Some authors argue that client factors account for 30% of variance in outcomes. That represents a greater association to psychotherapy outcome than therapist effects and therapeutic techniques combined. In this part of the Handbook chapter on client factors, Bohart and Wade discuss client attachment. Bowlby found that attachment relationships were important and were different from other relationships. Attachment figures confer a sense of security and safety to infants that allow children to explore their environment and experience the self. Attachment patterns that develop in childhood tend to be stable throughout the lifespan, but attachment style can change with positive (i.e., psychotherapy, romantic relationships) and negative (i.e., traumatic events) experiences.

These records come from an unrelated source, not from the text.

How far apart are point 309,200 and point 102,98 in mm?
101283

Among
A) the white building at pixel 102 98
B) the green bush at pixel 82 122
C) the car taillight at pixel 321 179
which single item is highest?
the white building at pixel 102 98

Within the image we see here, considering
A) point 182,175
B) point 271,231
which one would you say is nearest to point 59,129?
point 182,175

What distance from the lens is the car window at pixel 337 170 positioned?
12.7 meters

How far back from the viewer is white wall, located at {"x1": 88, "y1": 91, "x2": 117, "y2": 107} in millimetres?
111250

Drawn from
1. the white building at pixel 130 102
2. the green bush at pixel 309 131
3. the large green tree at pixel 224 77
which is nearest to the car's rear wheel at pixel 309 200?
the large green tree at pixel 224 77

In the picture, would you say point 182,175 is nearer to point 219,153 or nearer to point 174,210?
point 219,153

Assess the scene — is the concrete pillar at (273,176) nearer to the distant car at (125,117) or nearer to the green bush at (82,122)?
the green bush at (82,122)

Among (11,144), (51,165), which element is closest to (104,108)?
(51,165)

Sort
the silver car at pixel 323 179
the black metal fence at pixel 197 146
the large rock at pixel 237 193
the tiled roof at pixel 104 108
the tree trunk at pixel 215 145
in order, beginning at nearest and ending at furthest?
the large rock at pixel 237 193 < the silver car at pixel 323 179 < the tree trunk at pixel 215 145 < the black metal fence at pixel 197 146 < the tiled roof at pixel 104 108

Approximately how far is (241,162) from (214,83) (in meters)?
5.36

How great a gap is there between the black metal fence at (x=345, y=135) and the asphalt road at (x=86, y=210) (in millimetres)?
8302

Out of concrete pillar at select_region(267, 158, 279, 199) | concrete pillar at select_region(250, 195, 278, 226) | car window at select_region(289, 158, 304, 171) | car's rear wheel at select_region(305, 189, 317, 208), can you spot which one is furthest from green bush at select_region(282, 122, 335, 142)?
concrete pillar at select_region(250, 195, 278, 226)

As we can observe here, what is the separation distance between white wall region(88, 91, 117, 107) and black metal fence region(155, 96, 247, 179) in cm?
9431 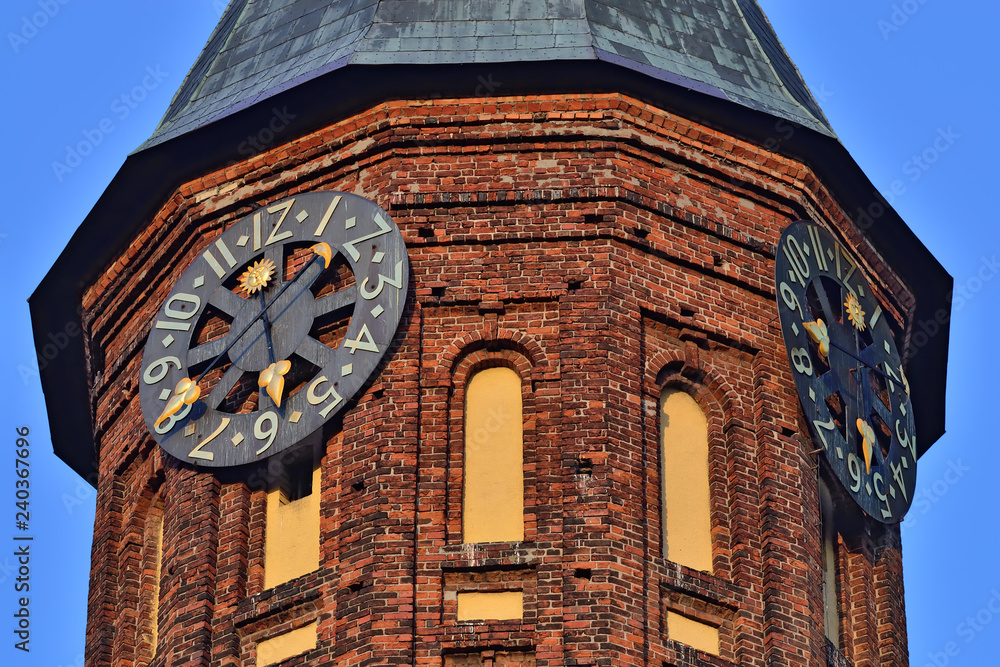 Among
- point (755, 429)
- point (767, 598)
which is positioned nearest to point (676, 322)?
point (755, 429)

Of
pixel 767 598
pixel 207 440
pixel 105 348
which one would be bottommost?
pixel 767 598

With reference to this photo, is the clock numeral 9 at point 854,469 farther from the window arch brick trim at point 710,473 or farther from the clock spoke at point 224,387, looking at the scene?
the clock spoke at point 224,387

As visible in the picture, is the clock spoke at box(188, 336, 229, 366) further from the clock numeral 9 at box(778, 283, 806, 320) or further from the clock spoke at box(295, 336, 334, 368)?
the clock numeral 9 at box(778, 283, 806, 320)

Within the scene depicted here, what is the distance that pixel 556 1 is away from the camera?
88.6 ft

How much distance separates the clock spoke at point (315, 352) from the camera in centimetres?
2473

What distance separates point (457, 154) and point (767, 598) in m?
5.29

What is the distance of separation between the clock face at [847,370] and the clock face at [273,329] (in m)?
3.92

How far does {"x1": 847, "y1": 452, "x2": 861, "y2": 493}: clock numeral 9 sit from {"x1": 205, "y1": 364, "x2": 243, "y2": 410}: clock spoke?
5888 millimetres

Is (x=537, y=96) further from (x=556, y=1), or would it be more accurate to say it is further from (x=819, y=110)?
(x=819, y=110)

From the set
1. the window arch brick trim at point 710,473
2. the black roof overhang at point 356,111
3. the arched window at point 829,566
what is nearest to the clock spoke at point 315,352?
the black roof overhang at point 356,111

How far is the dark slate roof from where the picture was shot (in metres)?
26.2

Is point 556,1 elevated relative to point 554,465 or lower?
elevated

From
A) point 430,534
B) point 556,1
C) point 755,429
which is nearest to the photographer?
point 430,534

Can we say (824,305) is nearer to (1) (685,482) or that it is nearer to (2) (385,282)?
(1) (685,482)
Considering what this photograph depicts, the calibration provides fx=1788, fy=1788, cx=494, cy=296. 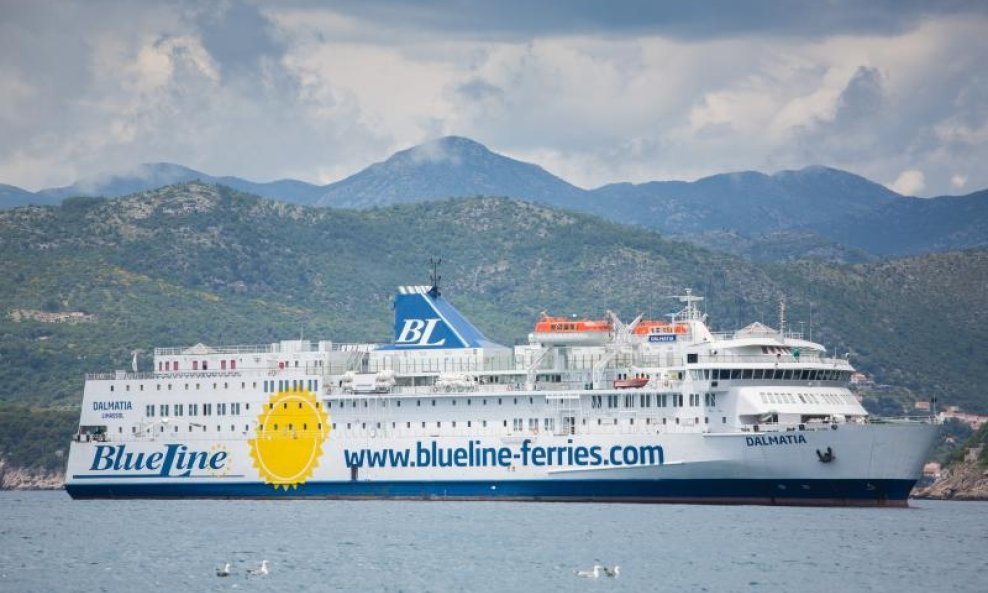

Attachment security is associated with adaptive affect regulation, positive view of self and others, and reflective functioning that is related to mentalizing. Attachment anxiety is associated with maladaptive up-regulation of emotions, positive view of others but negative view of self, and reduced reflective functioning likely due to preoccupation with relationships and emotion dysregulation. Attachment avoidance is associated with maladaptive down-regulation of emotions, negative view of others and positive view of self (or negative view of others and negative view of self in the case of fearful avoidant attachment), and limited reflective functioning due to dismissing of emotions and relationships. There are also disorganized attachment states related to traumatic events. Those with attachment avoidance tend to be distrustful and less likely to seek psychotherapy. A meta-analysis by Levy and colleagues (2011) of 19 studies including 1467 clients found that attachment security was associated with good psychotherapy outcomes and attachment anxiety was negatively associated with good outcomes. No relationship was found for attachment avoidance and outcomes. Diener and Monroe (2011) conducted a separate meta analysis on attachment and therapeutic alliance which included 17 studies with 886 clients. They found that clients with secure attachments had better alliances with their therapist and those with insecure attachments (anxious or avoidant) had weaker alliances.
Practice Implications
The research is clear that client attachment style influences how clients enter therapy, engage with the therapist, and experience outcomes. Attachment style likely affects specific therapy behaviors like self-disclosure and amount of exploration. In his book Attachment and Psychotherapy, David Wallin (2007) translates attachment theory into a framework for adult psychotherapy by tailoring interventions to specific attachment styles. For example, clients with greater attachment anxiety may do better in psychotherapy when the therapist: helps with down regulation of client emotional experiences, behaves in a way that does not evoke client fears of abandonment or loss, and helps clients improve reflective functioning by encouraging a thoughtful appraisal of their behaviors. On the other hand clients with greater attachment avoidance may require a therapist who: slowly introduces the client to greater attention to emotional experiences, does not demand too much from the client in terms of closeness in therapy at the outset, and encourages reflective functioning by helping the client understand the association between defensive avoidance of affect and relationship problems.